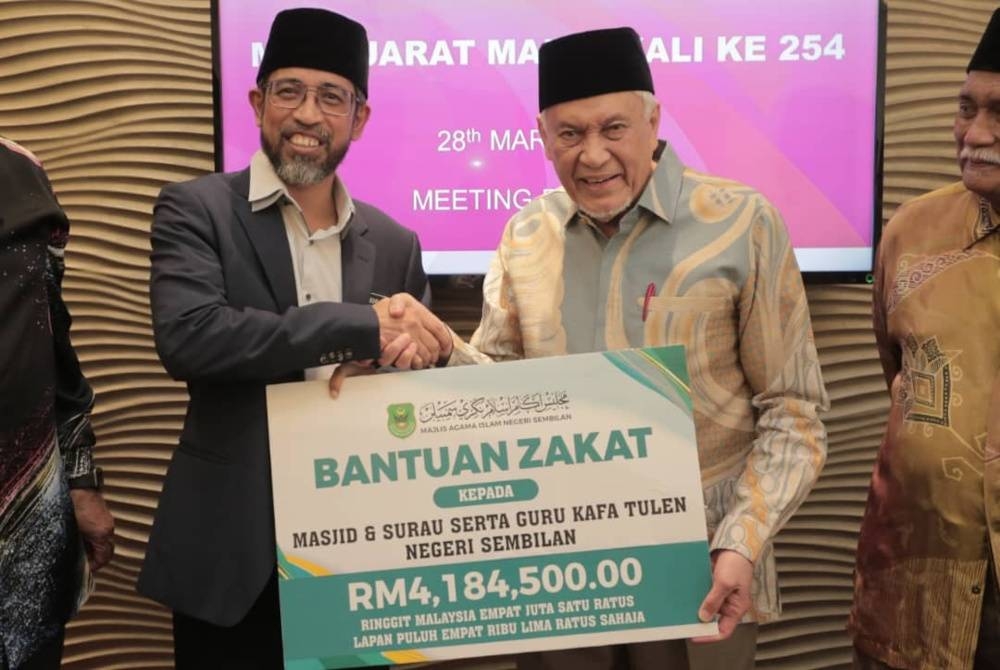 Abdul Aziz (kanan) ketika menyerahkan bantuan zakat.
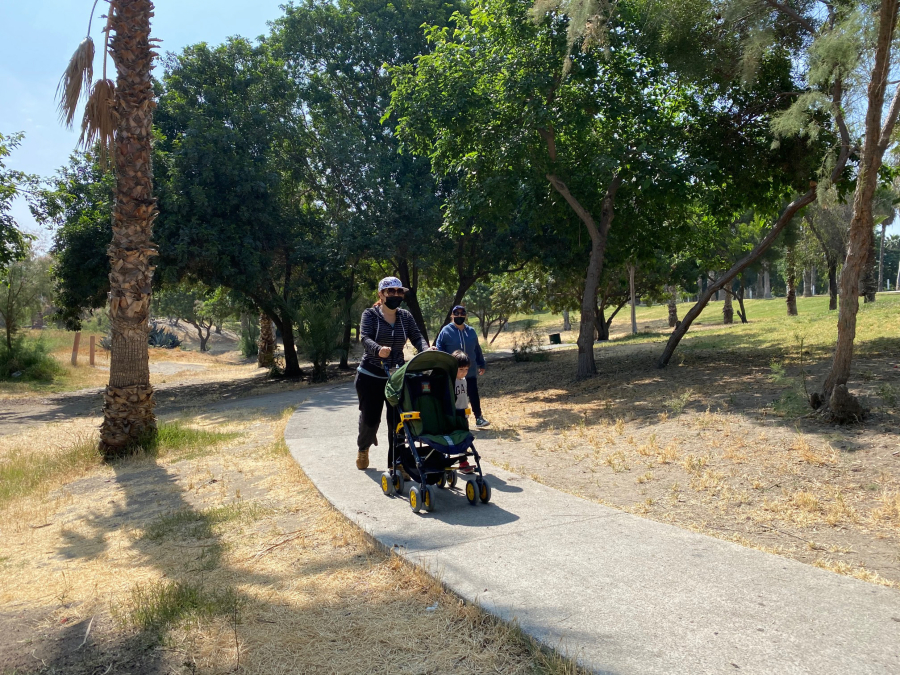 Tijuana resident Marcela Gonzalez, 44, pushes her son's stroller as he walks along side her on sunny morning in Parque Morelos on May 19, 2021.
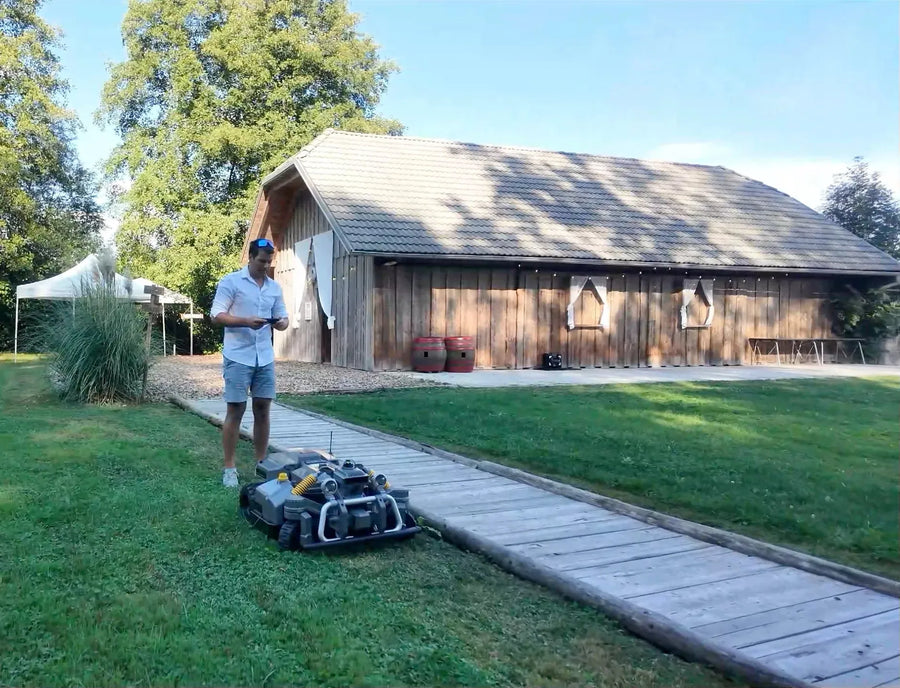 Maston mowing the lawn beside the barn at Skedenj 2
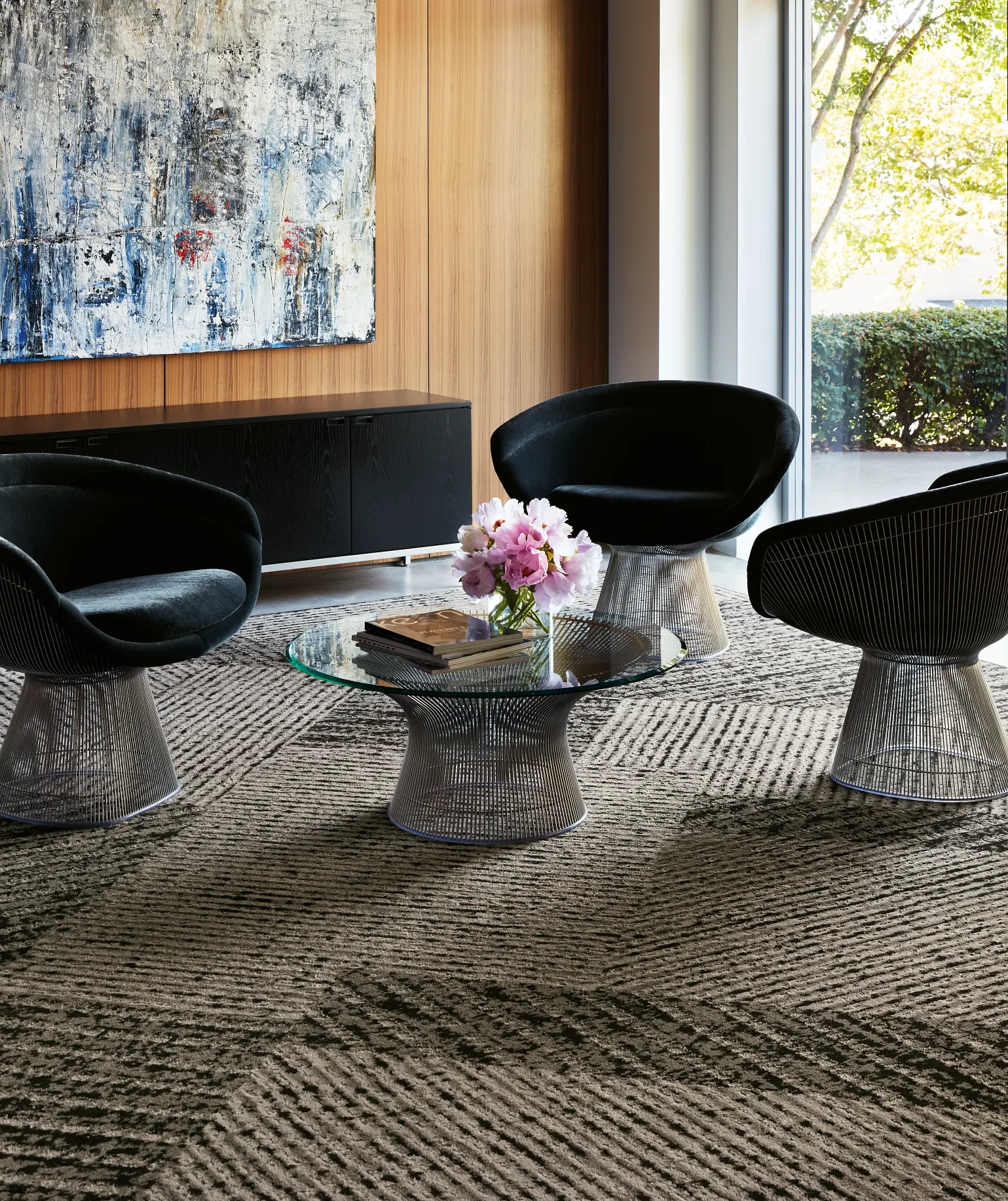 A beautiful interior sitting room with a bright big window, featuring commercial neutral patterned black and beige carpet tile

**Exercise instructions**:
Nothing should appear in the reply except the lines from the start of the listing above through the line with "Maston mowing the", repeated exactly and free of pictures.

**Solution to the problem**:
 Abdul Aziz (kanan) ketika menyerahkan bantuan zakat.
 Tijuana resident Marcela Gonzalez, 44, pushes her son's stroller as he walks along side her on sunny morning in Parque Morelos on May 19, 2021.
 Maston mowing the lawn beside the barn at Skedenj 2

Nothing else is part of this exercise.